Por que duas bocas? Em razão de quê? São duas artes: a retórica e a escrita. Dir-se-á, duas expressões legítimas do que fazemos e do que somos.
João Crisóstomo (347-407) – Foi cognominado “Boca de Ouro” por sua singular eloquência, falando ou escrevendo. Doutor da Igreja de Roma, Arcebispo de Constantinopla, natural de Antioquia da Síria, Ásia Menor (atual Turquia). Erudito de primeira linha, deixou-nos obras sobre doutrina, retidão da vida e escritos sobre Paulo. Diante dos meus olhos, Comentários às cartas de São Paulo. Quando perguntaram a Gilberto Freyre sobre sua relação com literatura devocional, o mestre de Apipucos referiu homens dessa envergadura e desse tempo – “Depois desses, nada mais se escreveu”.
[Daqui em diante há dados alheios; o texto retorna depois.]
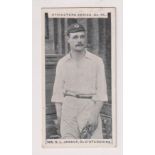 Cigarette card, Faulkner's, Cricketer Series, type card no 10, Mr G L Jessop, Gloucestershire (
Gregório de Matos (1636-1696) – Advogado, poeta lírico-filosófico, reunia conteúdo sacro com sátiras eróticas e pornográficas. Nasceu em Salvador e morreu no Recife. Queria uma “literatura rebuscada e ornamentada”. Sua sátira, contudo, era considerada por demais pontiaguda. Atacava, sem dissimulação, o governo, os fidalgos e o clero. Valeu-lhe o epíteto de “Boca do Inferno” ou “Boca de Brasa”, e o degredo em Angola.
A literatura é um veículo poderoso, por vezes, temerário. Há quem morre de medo da palavra escrita ou falada, mas há quem com ela se deleite. É uma questão de gosto, de capacidade de entender o que lê e o que ouve e, até, de suspeição. Pela literatura somos atingidos ou aferidos. Faz bem ao intelecto ler uma página primorosa, como ouvir um grande orador.
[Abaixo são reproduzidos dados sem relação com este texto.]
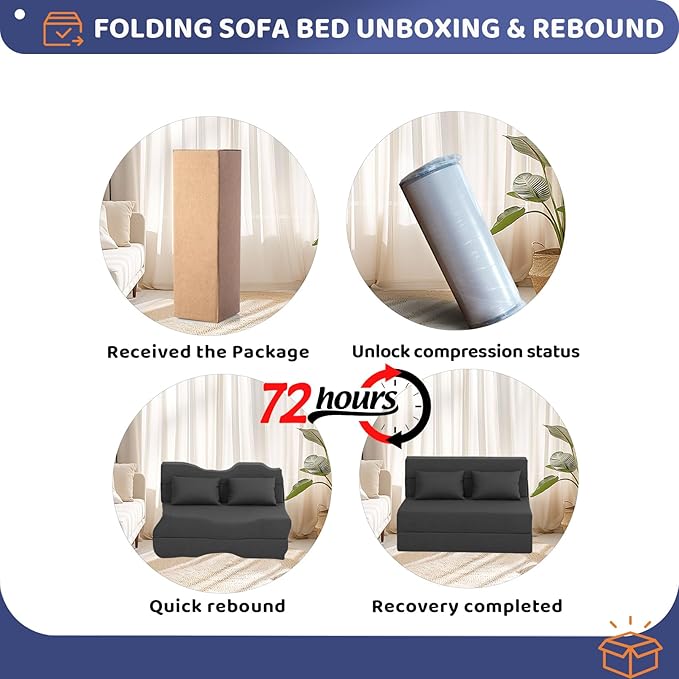 Fvkind Folding Sofa Bed, Foldable Sleeper Chair with Pillow, Convertible Fold Out Chair Bed with Washable Cover, Foldable Mattress for Living Room, Bedroom, Guest Room, Single Size, Dark Grey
Nem tudo que se escreve merece ser lido. Um bom leitor é um leitor seletivo. Igualmente, nem toda fala merece ser ouvida. Há discursos horríveis, desprovidos de conteúdo e de ordenação das ideias, sem detalhar questões de gramática. Esta, então, como sofre! Para falar e escrever bem, enxergo duas exigências: saber ler e saber ouvir. O que merece ser lido e o que merece ser ouvido.
No inferno certamente há bocas – bocas que enturvaram as boas ideias extraídas das boas palavras. Estas iluminam a vida, elevam o espírito.